### Instructions to follow
Nothing after the line with "Hi guys and" belongs in the copy; extract the lines below from the top through that line, pictures left out.

════════════════

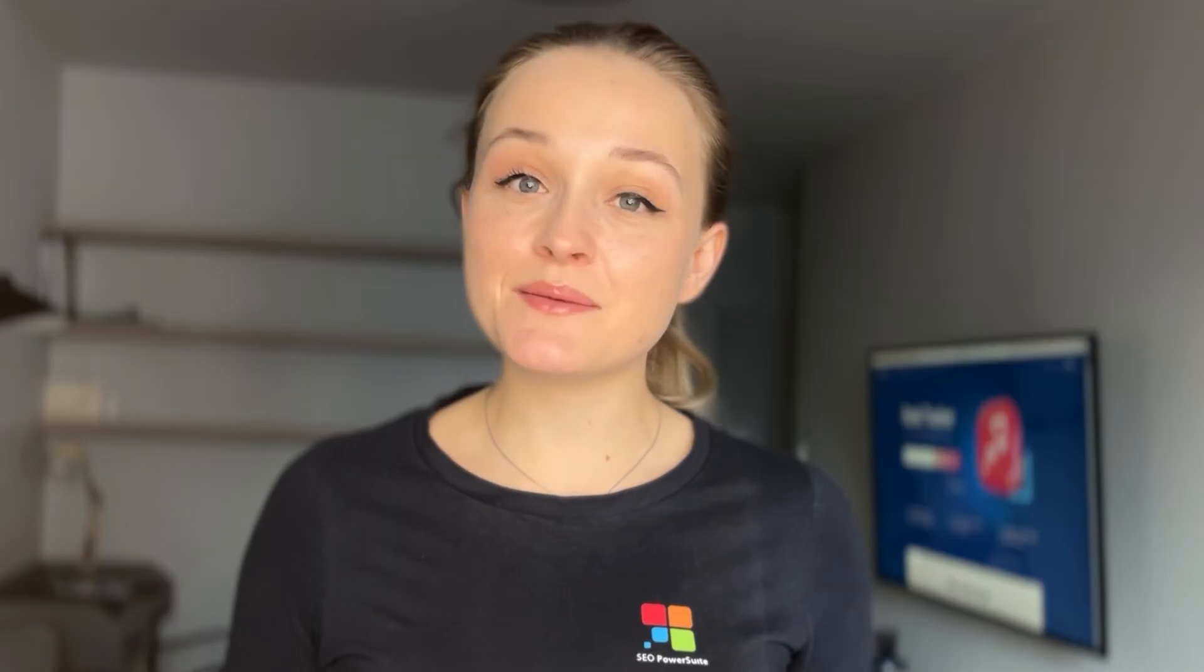And the best part? It's completely free of charge. No worries about credits or hidden fees. You can analyze as many pages and websites as you want without spending a dime.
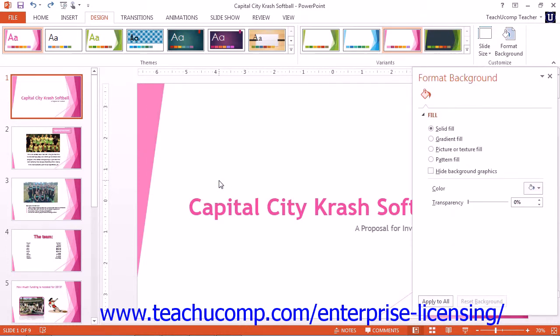Then set a new background for the slide using the Fill category options shown. The changes are applied as you make them, so click the Reset Background button to reset the slide background if you are unhappy with your choices.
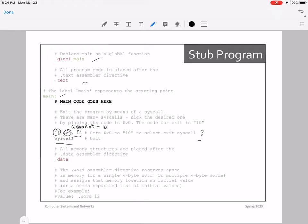The next important portion of your stub is the .data section, after which all of your memory structures are going to be placed. Whatever variables you declare and initialize — memory variables, your arrays — all of those items will be stored inside of, or mentioned after, this .data section.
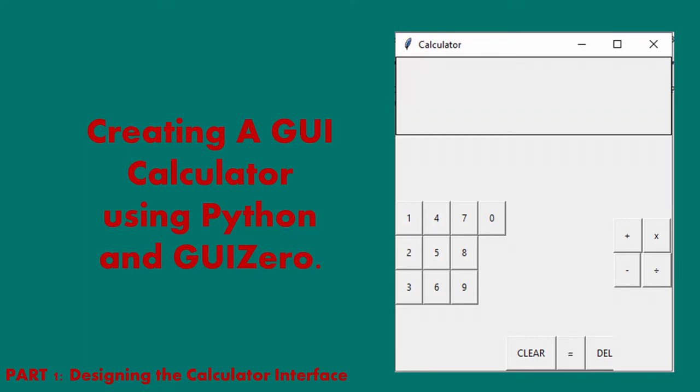Hi guys and welcome back to Coded by Jade. In this video I'll be showing you how you can make a simple calculator with Python without using reverse Polish notation using the library GUI Zero.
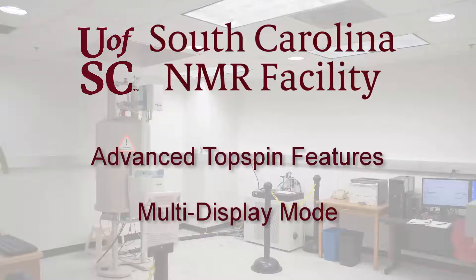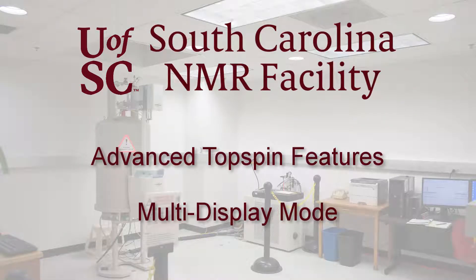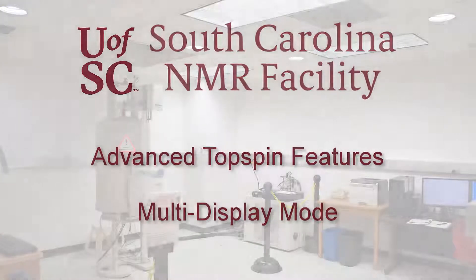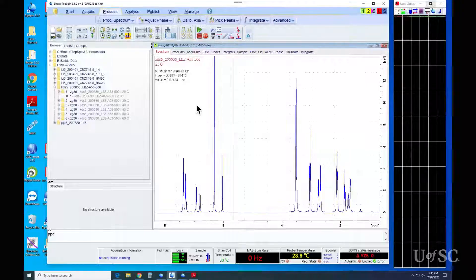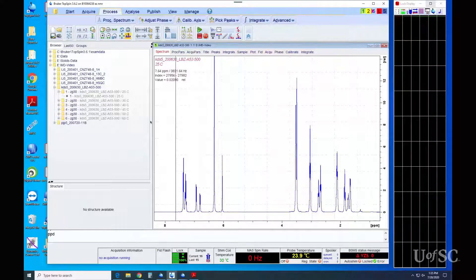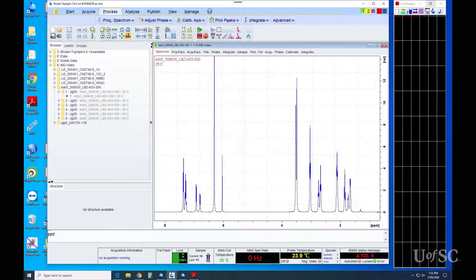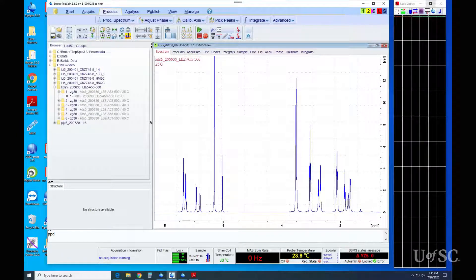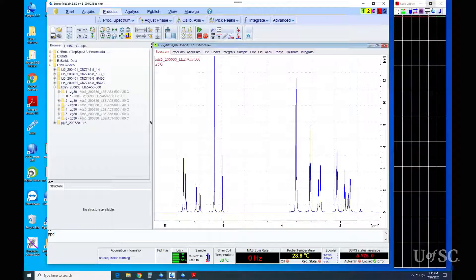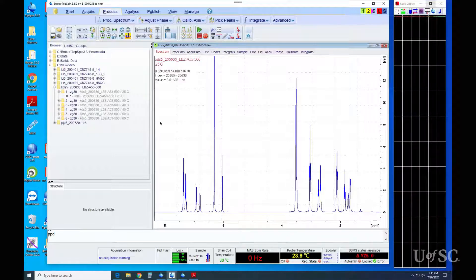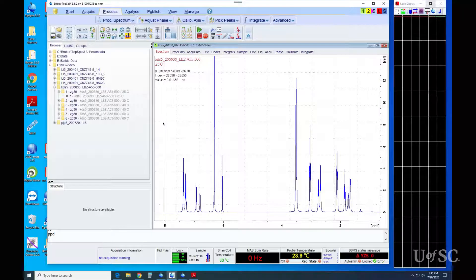In this video on advanced TopSpin features, we are going to explore some functions of the multi-display mode. Multi-display mode allows a user to overlay two or more spectra. It will also allow some simple mathematical manipulations.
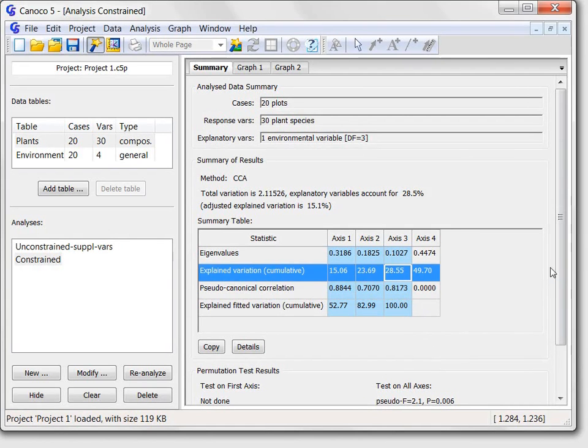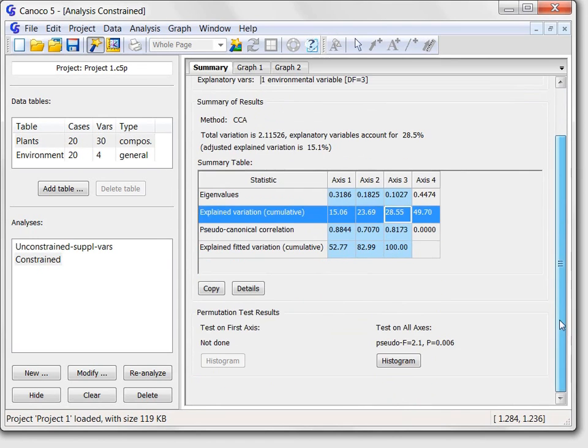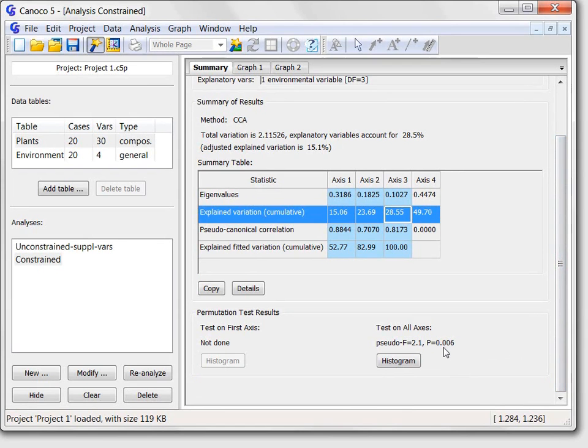The results of the permutation test are summarized further around the summary page using the pseudo-F statistic and the corresponding significance lab. Obviously, the effect of the management upon the plant community is significant and so we can inspect the two graphs summarizing this effect.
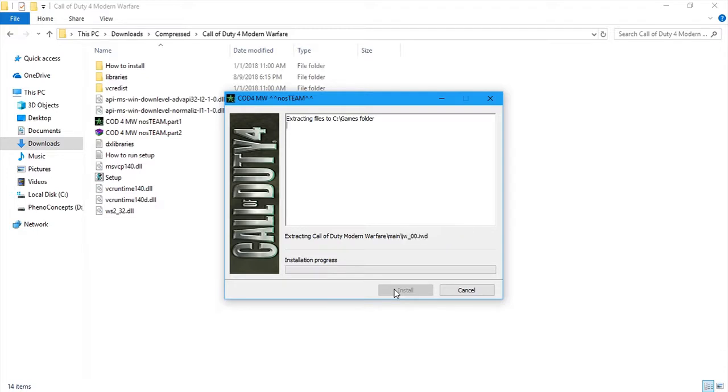Another thing I like about this is they don't put any password on their raw file. You don't need any crack or product key to install the games. You just download, install and start playing. It's as simple as that.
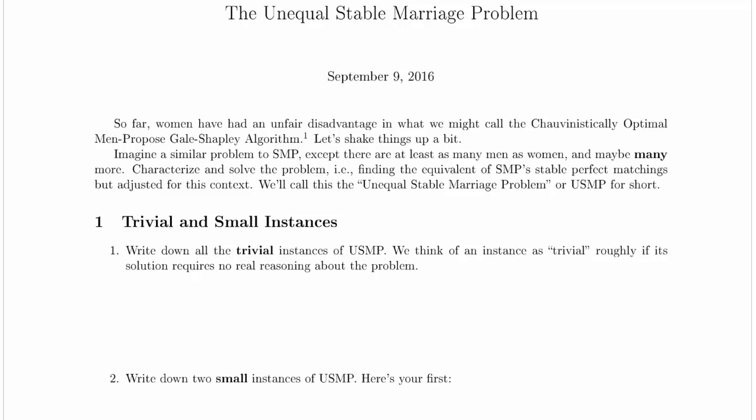Let's start in on our trivial and small instances. It says to write down all the trivial instances of USMP — the unequal stable marriage problem. We think of an instance as trivial roughly if its solution requires no real reasoning about the problem. Trivial here isn't a technical word for an exam; it's a way to think about at what point problems become interesting and which problems might be good base cases for recursion.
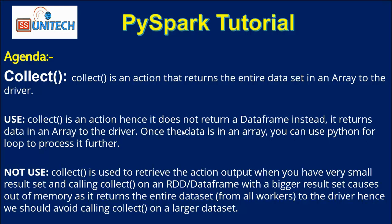When are we not recommended to use it? Whenever we have a large data set, it is not recommended to use collect because it will convert the entire data set into an array. That is why it is not required with larger data sets.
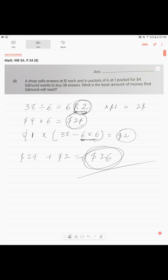The least amount of money that Edmund will need is $26.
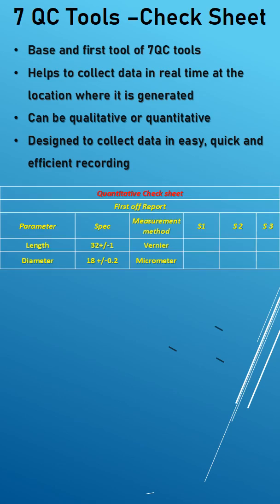So let us see one example. First one is quantitative check sheet. Example is first-off report everybody used in manufacturing sector, so each and every parameter are inspected and the dimensions are noted down in the numerical way.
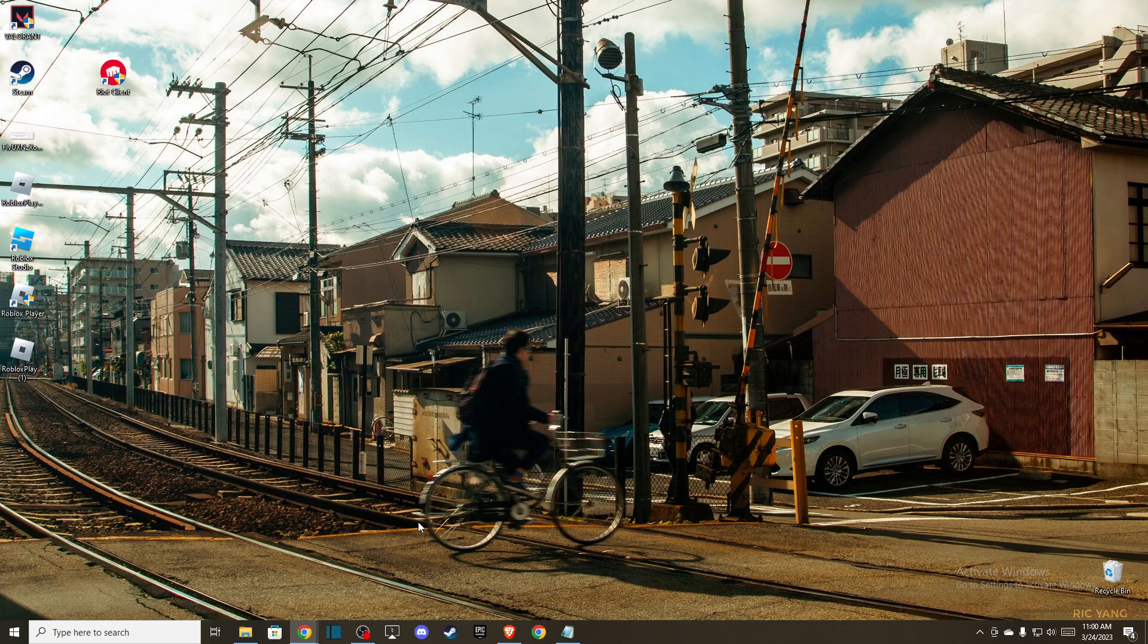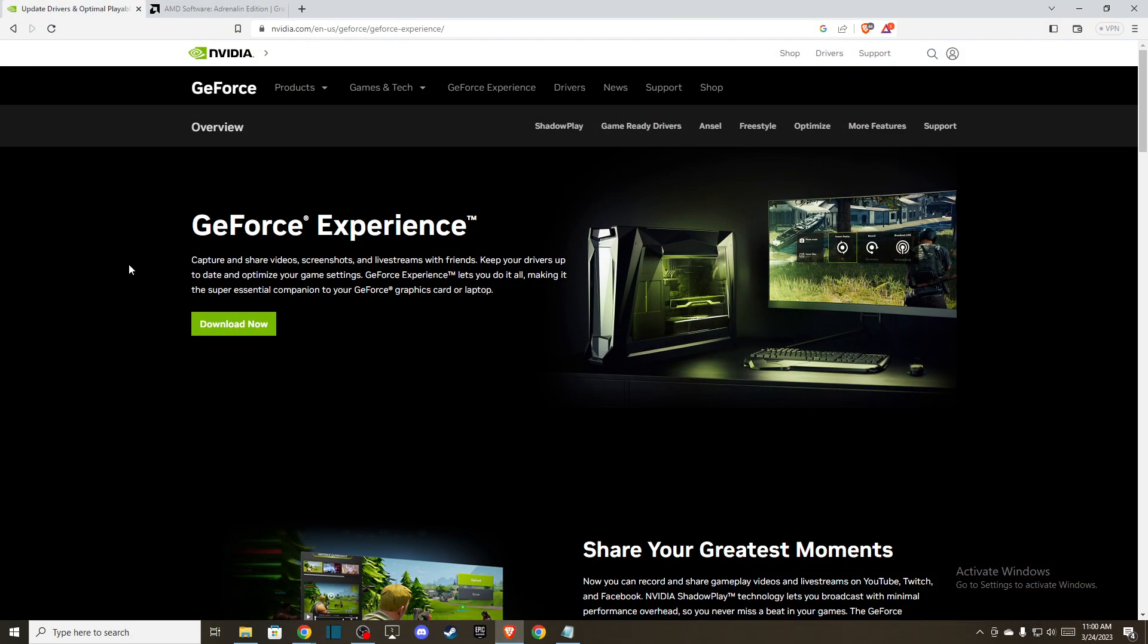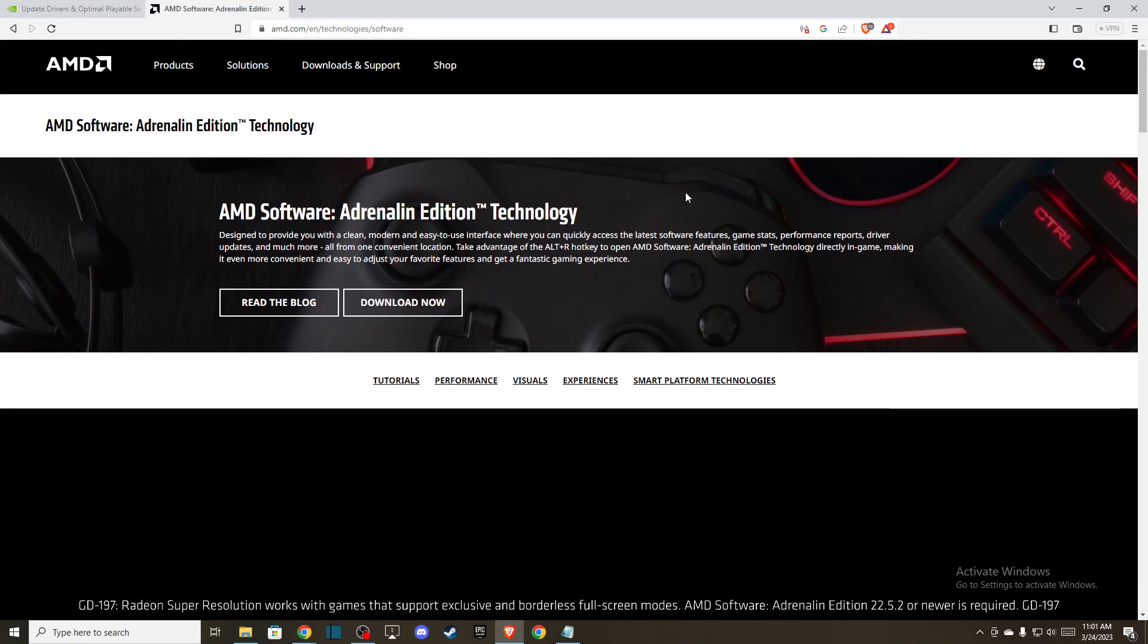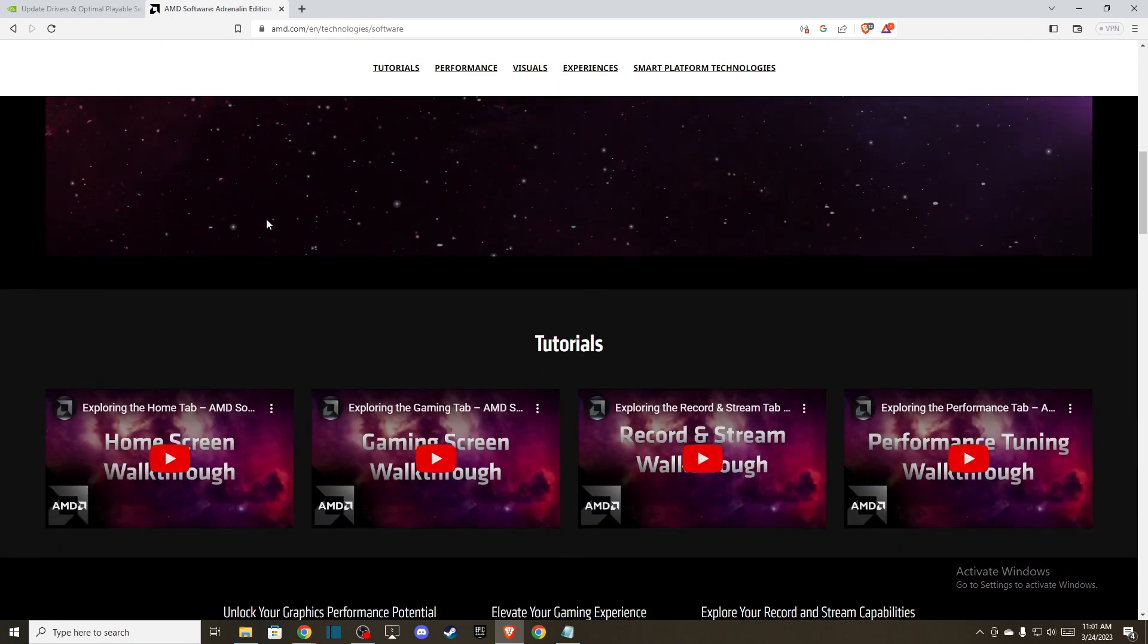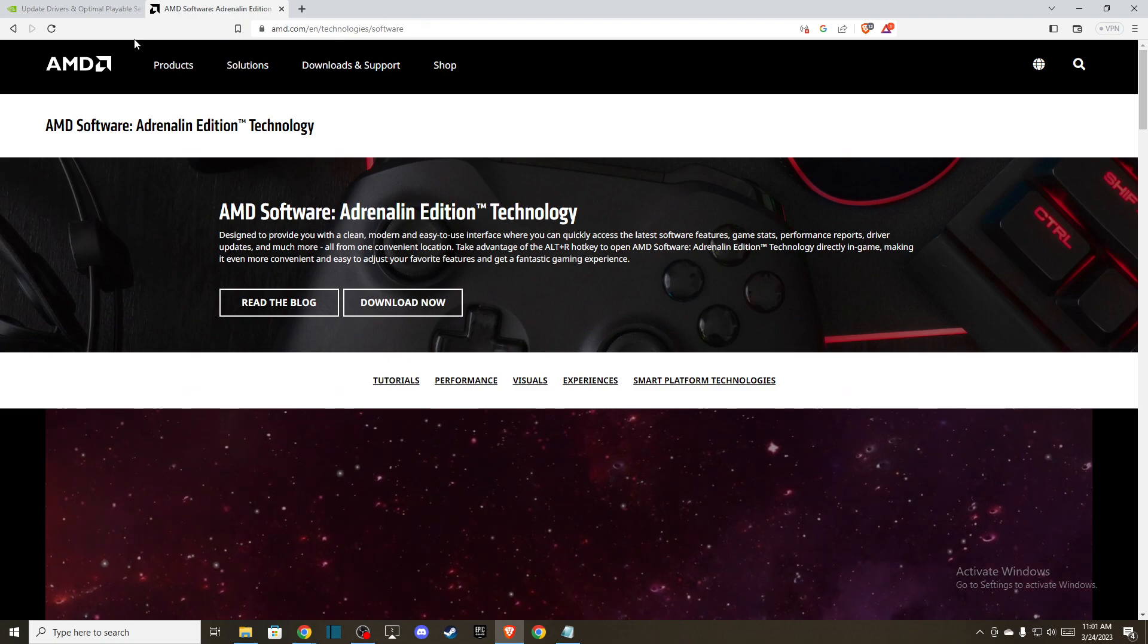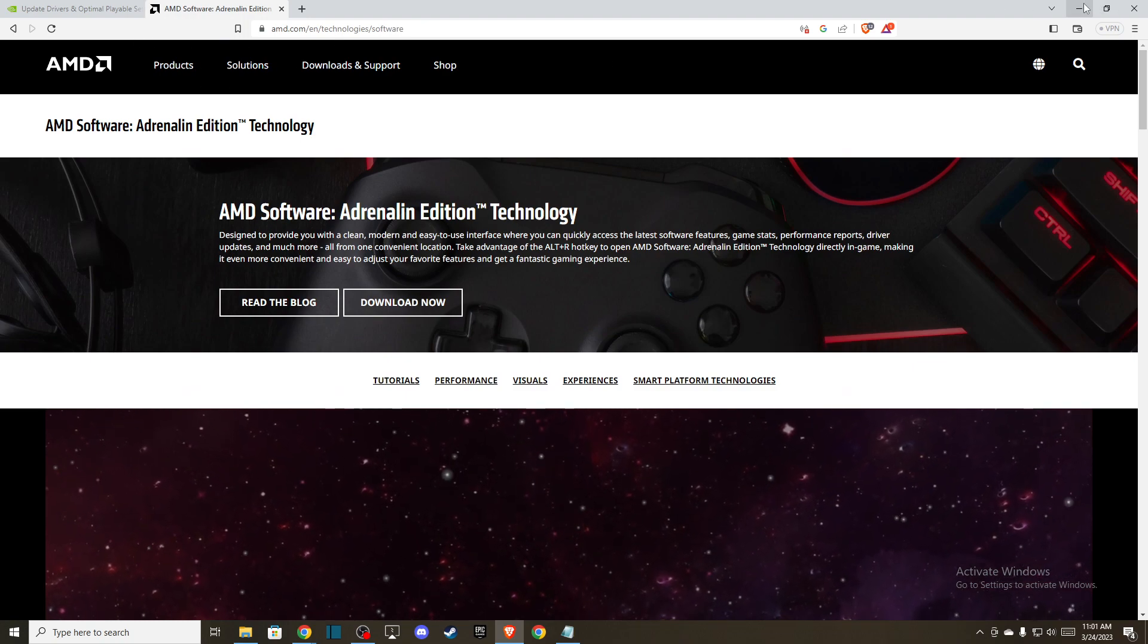It depends what GPU you're using, NVIDIA or AMD. If you're using NVIDIA, you need to go to NVIDIA's official website and download GeForce Experience if you don't have it. If you're using AMD, you need to download the AMD Radeon software from amd.com.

════════════════

### Worked solution
And the best part? It's completely free of charge. No worries about credits or hidden fees. You can analyze as many pages and websites as you want without spending a dime.
Then set a new background for the slide using the Fill category options shown. The changes are applied as you make them, so click the Reset Background button to reset the slide background if you are unhappy with your choices.
The next important portion of your stub is the .data section, after which all of your memory structures are going to be placed. Whatever variables you declare and initialize — memory variables, your arrays — all of those items will be stored inside of, or mentioned after, this .data section.
Hi guys and welcome back to Coded by Jade. In this video I'll be showing you how you can make a simple calculator with Python without using reverse Polish notation using the library GUI Zero.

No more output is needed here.